> _Problem statement_
Write out, word for word, every line in the data below from the one containing "Coastal Hallway with" to the one containing "Bathroom with a", both of them included.

> _Data supplied_
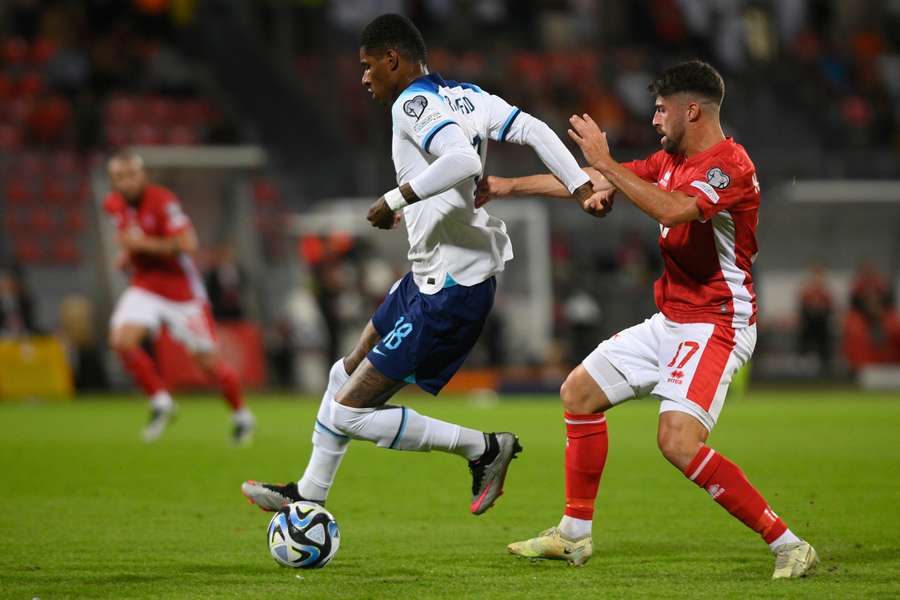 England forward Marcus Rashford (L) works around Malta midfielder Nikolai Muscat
==
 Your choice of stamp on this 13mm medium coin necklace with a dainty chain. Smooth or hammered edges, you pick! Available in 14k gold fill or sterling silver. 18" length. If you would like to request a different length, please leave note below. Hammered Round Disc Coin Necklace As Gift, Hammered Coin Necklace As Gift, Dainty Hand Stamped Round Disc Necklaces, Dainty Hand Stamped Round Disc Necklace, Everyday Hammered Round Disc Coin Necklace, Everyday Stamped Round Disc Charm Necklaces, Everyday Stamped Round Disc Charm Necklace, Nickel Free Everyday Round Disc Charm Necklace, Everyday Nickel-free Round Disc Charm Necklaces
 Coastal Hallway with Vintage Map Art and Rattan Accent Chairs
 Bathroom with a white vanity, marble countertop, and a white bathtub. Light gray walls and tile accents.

> _Exercise response_
 Coastal Hallway with Vintage Map Art and Rattan Accent Chairs
 Bathroom with a white vanity, marble countertop, and a white bathtub. Light gray walls and tile accents.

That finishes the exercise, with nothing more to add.